Feet and The Homemade Uncanny

mi fa freddo le cosce

Above right in the GIF a print signed by Andrea Pazienza in 1983. This print, now in my Genoese tiny loft, has been a cipher and imprint of my apartment in Via Filzi 10 in Milan, i.e. my beloved and envied loft with a very strange heritage I inherited in spite of myself – the engineer who rented the studio to me died suddenly in the mountains during a climbing in Switzerland, where he lived with his new younger companion he had his house in usufruct until his death, a legacy of his wife to whom he had survived and which would then be handed over to a famous Milanese medical institution, which had lent palliative care to the lady in her last days. A sad, pining and melancholic story, but very beautiful, painful and romantic, at least in one direction.
The emblazoned Milanese medical institution made a use that could not have been worse: after denying me and my roommates a slight lowering of the rent, with the result that we had to go – I resolved to move around, away from Milan, at the time my heart beat for Berlin, so I relocated there, definitively, or at least that was what I thought. One time I returned to Milan for a medical issue, I already hadn’t lived there for three months, but with my rucksack on the very early morning once got off from the night train from Stuttgart I went there like a sleep-walker and for a time resembling hours and hours, under the closed windows of the mezzanine that had been my dwelling.

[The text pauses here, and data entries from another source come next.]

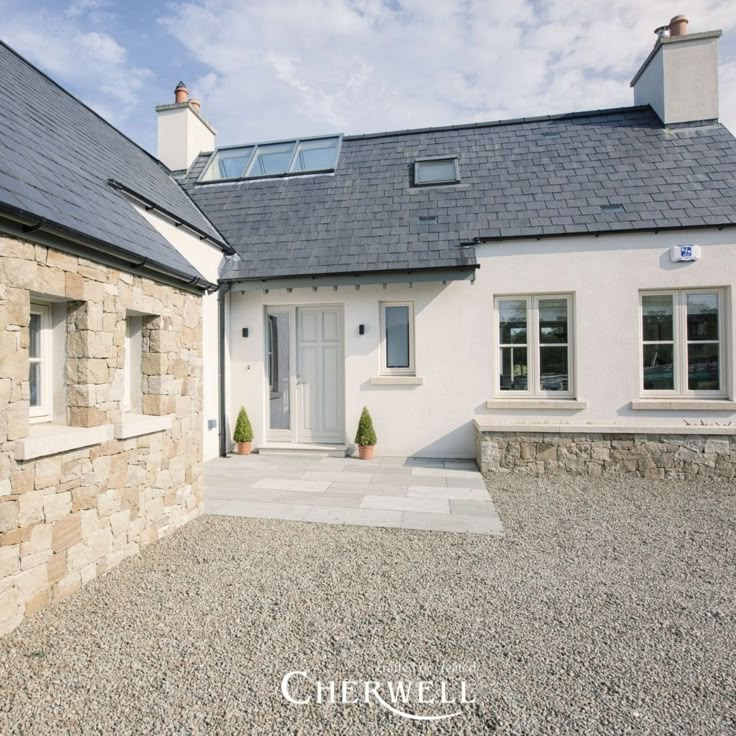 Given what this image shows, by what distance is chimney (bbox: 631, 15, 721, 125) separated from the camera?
816 centimetres

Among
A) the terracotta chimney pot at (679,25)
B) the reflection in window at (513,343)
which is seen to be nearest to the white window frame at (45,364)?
the reflection in window at (513,343)

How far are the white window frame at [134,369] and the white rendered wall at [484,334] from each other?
3971mm

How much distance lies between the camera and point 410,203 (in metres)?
8.48

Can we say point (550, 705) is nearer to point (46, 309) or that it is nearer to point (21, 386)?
point (21, 386)

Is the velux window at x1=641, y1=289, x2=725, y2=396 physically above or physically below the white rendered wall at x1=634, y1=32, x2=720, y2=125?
below

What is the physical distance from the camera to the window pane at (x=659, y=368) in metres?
7.29

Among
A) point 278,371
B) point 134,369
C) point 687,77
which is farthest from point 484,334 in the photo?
point 687,77

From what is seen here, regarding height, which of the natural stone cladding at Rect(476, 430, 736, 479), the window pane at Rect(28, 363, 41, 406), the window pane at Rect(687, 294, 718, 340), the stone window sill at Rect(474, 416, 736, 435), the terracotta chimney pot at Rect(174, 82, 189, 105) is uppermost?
the terracotta chimney pot at Rect(174, 82, 189, 105)

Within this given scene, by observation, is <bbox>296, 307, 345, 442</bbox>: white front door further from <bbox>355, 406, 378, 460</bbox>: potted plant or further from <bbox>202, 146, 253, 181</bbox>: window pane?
<bbox>202, 146, 253, 181</bbox>: window pane

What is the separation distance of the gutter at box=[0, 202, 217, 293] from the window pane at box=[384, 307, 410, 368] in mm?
4023

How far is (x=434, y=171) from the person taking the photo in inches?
355

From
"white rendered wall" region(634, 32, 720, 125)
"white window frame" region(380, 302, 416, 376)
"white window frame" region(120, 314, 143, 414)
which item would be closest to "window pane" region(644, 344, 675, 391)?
"white window frame" region(380, 302, 416, 376)

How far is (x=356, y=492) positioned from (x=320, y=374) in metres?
3.10

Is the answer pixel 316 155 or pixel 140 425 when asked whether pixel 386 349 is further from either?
pixel 316 155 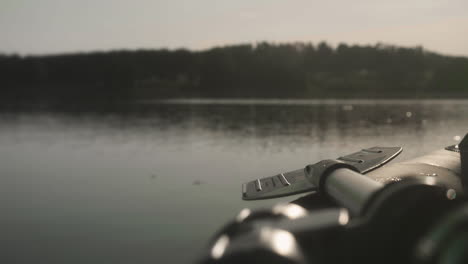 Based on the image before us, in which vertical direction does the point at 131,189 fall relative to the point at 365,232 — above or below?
below

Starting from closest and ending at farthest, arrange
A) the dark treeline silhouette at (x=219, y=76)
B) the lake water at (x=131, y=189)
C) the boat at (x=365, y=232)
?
the boat at (x=365, y=232)
the lake water at (x=131, y=189)
the dark treeline silhouette at (x=219, y=76)

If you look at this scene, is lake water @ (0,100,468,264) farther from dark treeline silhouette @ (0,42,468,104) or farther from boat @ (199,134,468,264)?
dark treeline silhouette @ (0,42,468,104)

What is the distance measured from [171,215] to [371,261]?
7.77 metres

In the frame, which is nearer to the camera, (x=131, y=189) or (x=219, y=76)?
(x=131, y=189)

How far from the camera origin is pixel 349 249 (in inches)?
58.8

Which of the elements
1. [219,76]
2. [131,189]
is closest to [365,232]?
[131,189]

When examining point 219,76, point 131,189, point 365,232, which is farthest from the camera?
point 219,76

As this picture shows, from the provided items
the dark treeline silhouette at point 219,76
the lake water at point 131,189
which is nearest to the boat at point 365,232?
the lake water at point 131,189

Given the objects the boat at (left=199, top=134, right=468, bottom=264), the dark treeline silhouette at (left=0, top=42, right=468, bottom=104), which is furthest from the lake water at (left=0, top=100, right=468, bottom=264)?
the dark treeline silhouette at (left=0, top=42, right=468, bottom=104)

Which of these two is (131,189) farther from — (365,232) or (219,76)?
(219,76)

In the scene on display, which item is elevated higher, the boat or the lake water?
the boat

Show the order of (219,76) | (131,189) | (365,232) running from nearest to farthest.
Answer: (365,232)
(131,189)
(219,76)

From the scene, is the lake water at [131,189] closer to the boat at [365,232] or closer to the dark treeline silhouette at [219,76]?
the boat at [365,232]

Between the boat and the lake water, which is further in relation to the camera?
the lake water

Pazienza’s print was displayed in the studio between the two windows, the same ones that I was now starring at from the outside. But the press, on my return from Stuttgart, had fortunately already been rescued from the neglect typical of 90% of Italian institutions, not only public – otherwise it would be remained in the apartment now closed for 15 years, what for a blamable behaviour – so that when I look at it now hanging on another wall and in another city I remember myself of those super beautiful years with cheerful nostalgia. I believe that it is representation itself, the vignette that makes nostalgia less bitter-sweet and more peppery. Thanks Paz.

Zanardi is a fictional comic book character created by Andrea Pazienza (1956-1988) and the protagonist of a series of comic stories made in the eighties. He debuted in 1981 in the magazine Frigidaire. A perfidious and amoral high school student, he became representative of the generation of young Italians in the early 1980s. Massimo Zanardi, known as Zanna, is a tall, thin young boy with an aquiline nose, blue eyes – with a cold and impassive look – and blond hair with a pronounced tuft, a repeating student at the Bologna high school during the early 1980s; in the first stories he is 21 years old while in the last he claims to be 23; he is extremely cynical and evil, without scruples or values; makes use of all kinds of drugs. He has friends: Roberto Colasanti known as Colas and Sergino Petrilli known as Pietra. He has committed a long series of reprehensible acts, from theft to murder; he is fatherless and has a sister. Drive a black Golf. Pazienza himself said of the character, in an interview: ยซZanardi’s main characteristic is emptiness. The absolute emptiness that permeates every action “.